Transitamos un régimen de metas de inflación (RMI) en gestación en el que se licuan las metas para el año (20%-25%) anunciadas tiempo atrás por Economía. Su desborde revolotea, y hasta las propias autoridades ya trasuntan su pronta revisión (aunque se blande el escape de la inflación federal).
No es un tema menor. Aunque no sorprenda: los pronósticos y las sospechas generales aludían a cifras mayores. Además, el desquicio macroeconómico colosal legado disparó una pesada carga de duros trade off o compromisos en materia de las fuertes correcciones exigidas por aquel.
Pero asúmase que al citar al RMI, más allá de la opinión que merezca en sí, posiciona un encuadre de base de lo macroeconómico, que busca priorizar reglas sobre intervenciones ad hoc (aun sin obviarlas), al revés de lo que pasaba previamente. El que una pieza importante del armado germinal ya quede en el camino no es trivial. Y alza el recaudo de seriedad a futuro.
Es probable que se paguen determinados furcios iniciales, coetáneos con el exitoso levantamiento del cepo cambiario. Incluido el serio error genérico de entrada de no presentar a la sociedad un cuadro descarnado del bodrio macroeconómico imperante y de los duros desafíos que derivaban de él. Luego, el desgaste de imagen que se quería evitar entonces quizás atisbe ahora.
Por supuesto, pesan aspectos específicos. La propia tesis de la devaluación indolora, que gozó de su rato de fama, que apuntaba a discriminar el grado de absorción de la depreciación entre transables y no transables, tuvo una instrumentación floja, marginal. Presumiblemente por imposición de dogma —imposición no válida en instancias excepcionales—, la política de precios activa al respecto se mostró débil. Asimismo, es factible que se haya sobrevaluado el potencial de la política monetaria en términos de control inmediato de la inflación, cuando operan sacudidas decisionales (ajustes de variables) fuertes. Una política monetaria, por lo demás, muy sobrecargada (incluido un sector público inhibido de apoyar a su maniobrar).
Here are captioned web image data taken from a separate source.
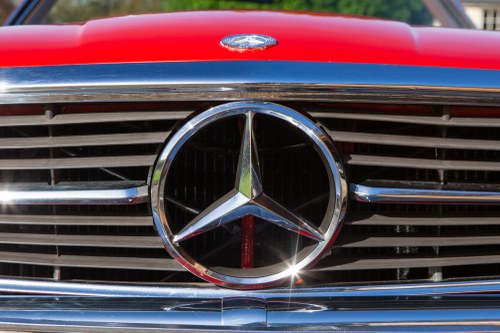 1978 Mercedes-Benz 450SL R107 In vendita (immagine 112 di 229)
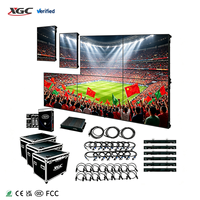 Module LED extérieur P2.6 P2.9 P3.91 P4.81, écran commercial, panneau étanche, mur vidéo intérieur, publicité, grand écran TV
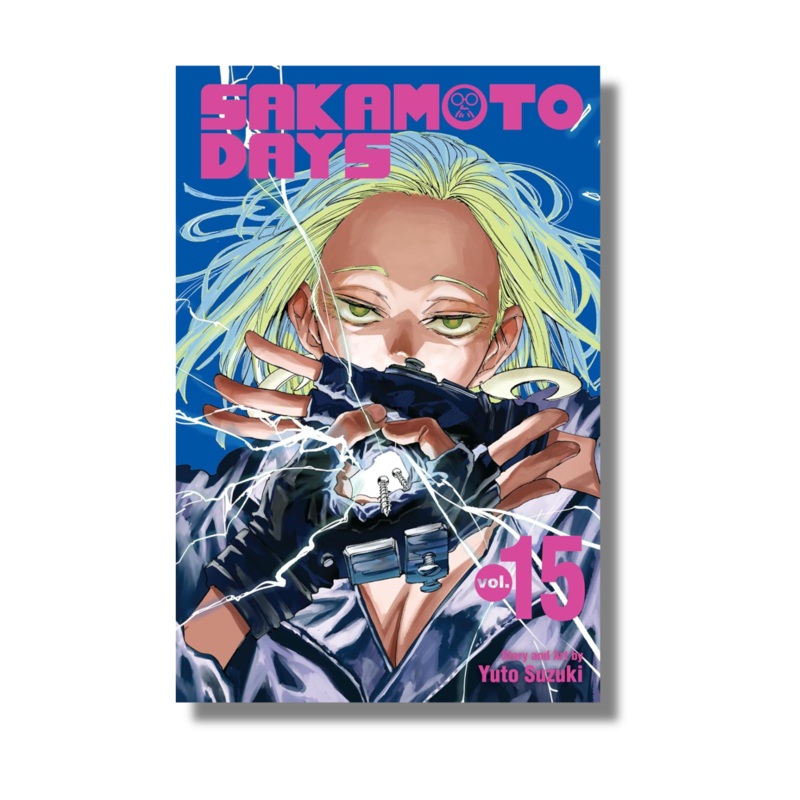 Sakamoto Days Vol 15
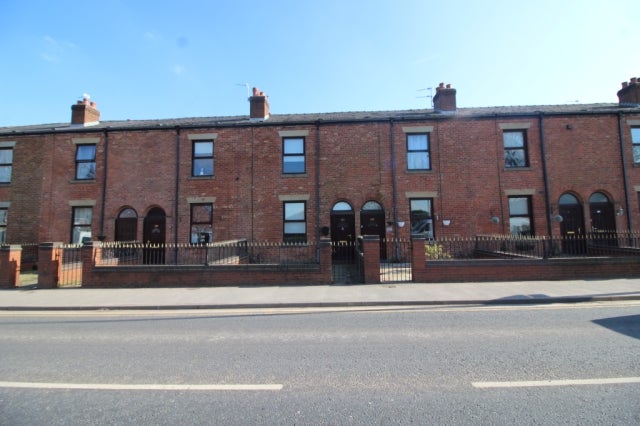 House Poolstock Lane in Wigan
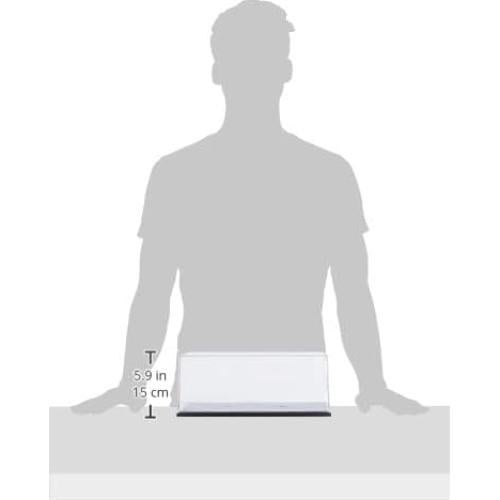 Exhibidor de Modelos Trumpeter 1/18 y 1/35 con Base Negra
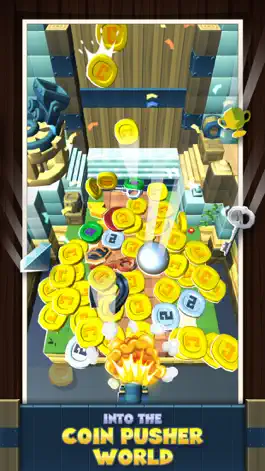 Game screenshot Decisive Coin Pusher mod apk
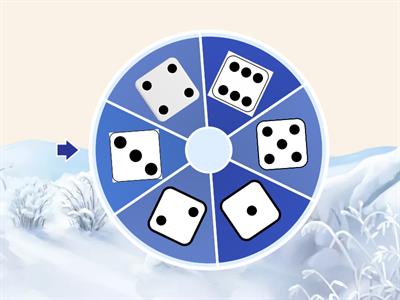 Dice Wheel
Así cobró cuerpo una inflación núcleo más alta de lo oportuno (aun dada cierta ulterior desaceleración, ofertas, etcétera) que se aparea con los severos ajustes de tarifas, muy secuenciados en el tiempo, que dejarán algo de inercia.
Pega también que, en materia de política salarial, prime en principio algo así como un todo vale, con una serie de variantes poco acordes con las metas de inflación enunciadas. Ello patentiza el realismo de los sindicalistas, pero, a la vez, la módica densidad que signaron las metas señaladas.
Parecería ahora que el Banco Central copó la parada en lo que sería la siguiente ronda de metas de inflación. Con las altas tasas de interés flameando (asociadas en su caso con intervenciones cambiarias), y buscando aprovechar el supuesto efecto diferido de la política monetaria sobre la inflación núcleo, cuando haya cesado la fase de los ajustes rudos.
En su itinerario, la política monetaria, de la mano de las tasas, encarará no pocos y severos desafíos, empezando por su propia conformación. Asimismo, deberá regular la tensión entre eventuales atisbos reanimantes (por ejemplo, por los dólares de la cosecha y algo más de consumo por los salarios repuestos) y una inflación que, aunque pueda tender a bajar, aún muestra inercia. Y dada la avidez por el arribo de capitales externos (con un propósito multiuso, incluida la cobertura del déficit), en caso de concretarse, se pondrán a prueba dos promesas de Federico Sturzenegger: a) que se estará a salvo en la instancia de un curso de apreciación cambiaria, b) que no se apelará al retraso cambiario para contener la inflación. Fuertes retos, en medio de la exigencia de que, si se apuesta a un RMI, el ensayo debe asumirse con seriedad.